Pour vivre, il faut avoir été regardé au moins une fois, avoir été aimé au moins une fois, avoir été porté au moins une fois. Et après, quand cette chose-là a été donnée, vous pouvez être seul. Ce qui a été donné, vraiment donné, une fois, l’a été pour toujours. La solitude n'est plus jamais mauvaise.
Même si on ne vous porte plus, même si on ne vous aime plus, même si on ne vous regarde plus, ce qui a été donné, vraiment donné, une fois, l'a été pour toujours. A ce moment-là, vous pouvez aller vers la solitude comme une hirondelle peut aller vers le plein ciel.

Christian BOBIN, 
in "La Grâce de la solitude"

lundi 30 mars 2020

"Lorsque je suis faible, c'est alors que je suis fort"

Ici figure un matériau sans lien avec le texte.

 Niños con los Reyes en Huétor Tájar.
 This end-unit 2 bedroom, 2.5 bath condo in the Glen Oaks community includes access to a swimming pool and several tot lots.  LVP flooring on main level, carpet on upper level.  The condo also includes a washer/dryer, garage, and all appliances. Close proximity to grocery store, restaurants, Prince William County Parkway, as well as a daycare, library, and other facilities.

On parle souvent en ce moment de fragilité, de faiblesse, de précarité de la vie humaine. Et on a sans doute raison : le virus du moment met en danger la vie de beaucoup.
Vendredi dernier, le pape a prononcé une bénédiction Urbi et Orbi (sur la Ville de Rome et sur le monde) et l'a donnée avec le Saint Sacrement. Je ne sais comment, j'avais raté l'annonce et n'était pas au rendez vous devant ma télévision au moment précis. Et ce n'est que plus tard, presque par hasard que j'ai découvert cette belle célébration et l'ai regardée in extenso. 
Mais auparavant je suis tombé sur un extrait de cette célébration en parcourant une page d'un réseau social internet. Je n'ai pas réalisé qu'il s'agissait du Pape, l'image était un peu lointaine, la pluie tombant sur Rome avait transformé le parvis de la basilique St Pierre en miroir, le vent soufflait doucement soulevant les ornements blancs du Pape François. C'était presque irréel. Bien sûr je me suis rendu compte de ce qui était filmé : le pape bénissant avec l'ostensoir contenant le Saint Sacrement. Beaucoup ont souligné la faiblesse apparente du Pape, sa fatigue lisible sur son visage. Pour ma part, j'ai eu le sentiment contraire : une grande force émanait de lui, une qualité de présence. Les paroles prononcées étaient sobres, essentielles, ajustées.
Et si nous en tirions une leçon : il y a ce que l'on voit - ou croit voir - et il y a ce qui est. Le Christ n'a pas eu une vie manifestant la toute puissance sur terre, il n'a pas oeuvré pour sa propre gloire. Il a été le Témoin Fidèle de l'Amour du Père. Et finalement Pâques c'est cela.
Pâques dont la date approche avec la Semaine Sainte qui précède. 
Pâques que nous fêtons aussi chaque jour lorsque nous sommes témoins de cet amour, même - et surtout peut-être - lorsque nous boitons et sommes conscients de notre fragilité.